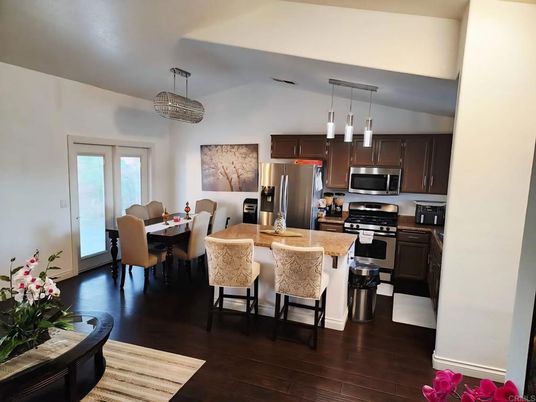 Dining room, Interior, Kitchen, Pendant Lights, Stainless Steel Appliances, Wood Texture Flooring
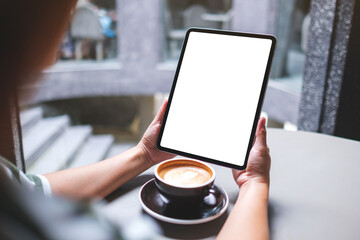 Mockup image of a woman holding digital tablet with blank white desktop screen in cafe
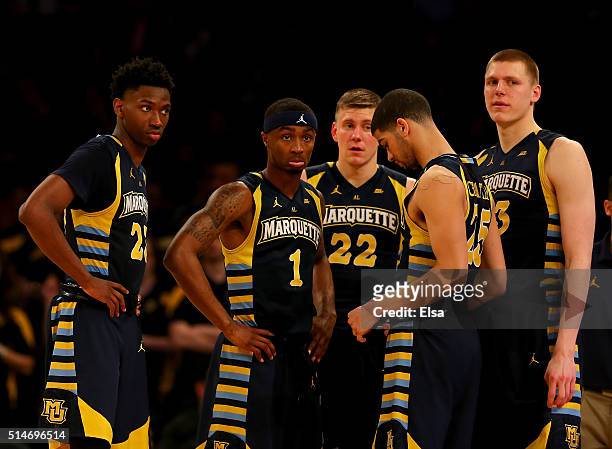 Jajuan Johnson,Duane Wilson,Wally Ellenson,Haanif Cheatham and Henry Ellenson of the Marquette Golden Eagles react late in the second half as they...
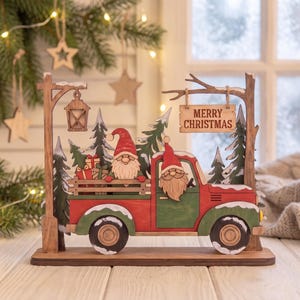 May include: A wooden tabletop decoration featuring a red and green truck carrying gnomes and gifts. The scene includes a street lamp, evergreen trees, and a hanging sign that reads MERRY CHRISTMAS. The design is layered with snow-dusted details.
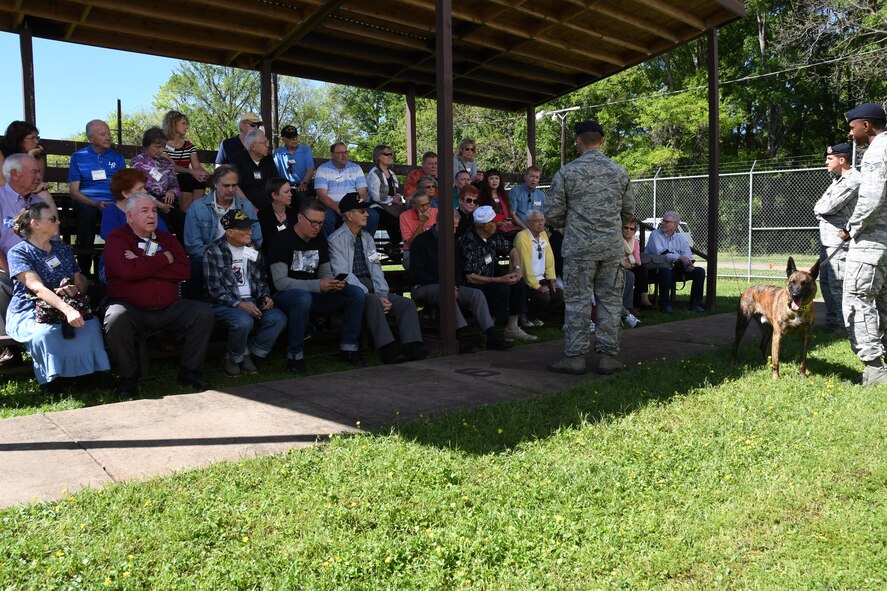 Airmen assigned to 2nd Bomb Wing Security Forces Squadron’s Military Working Dogs gave a demonstration of the dog’s abilities to alumni of the 307th BW during a base tour on Barksdale Air Force Base, La. March 31, 2017. The 307th BW hosted a reunion to celebrate the 75th anniversary of the unit and included alumni from wars such as World War II, the Korean War, Vietnam and the Cold War. (U.S. Air Force photo by Staff Sgt. Callie Ware/Released)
━━━━━━━━━━━━━━━━━━━━━━━━━━━━━━
• _Problem statement_: Your task is to repeat the entries above exactly, omitting the pictures.

• _Answer_:
 Dining room, Interior, Kitchen, Pendant Lights, Stainless Steel Appliances, Wood Texture Flooring
 Mockup image of a woman holding digital tablet with blank white desktop screen in cafe
 Jajuan Johnson,Duane Wilson,Wally Ellenson,Haanif Cheatham and Henry Ellenson of the Marquette Golden Eagles react late in the second half as they...
 May include: A wooden tabletop decoration featuring a red and green truck carrying gnomes and gifts. The scene includes a street lamp, evergreen trees, and a hanging sign that reads MERRY CHRISTMAS. The design is layered with snow-dusted details.
 Airmen assigned to 2nd Bomb Wing Security Forces Squadron’s Military Working Dogs gave a demonstration of the dog’s abilities to alumni of the 307th BW during a base tour on Barksdale Air Force Base, La. March 31, 2017. The 307th BW hosted a reunion to celebrate the 75th anniversary of the unit and included alumni from wars such as World War II, the Korean War, Vietnam and the Cold War. (U.S. Air Force photo by Staff Sgt. Callie Ware/Released)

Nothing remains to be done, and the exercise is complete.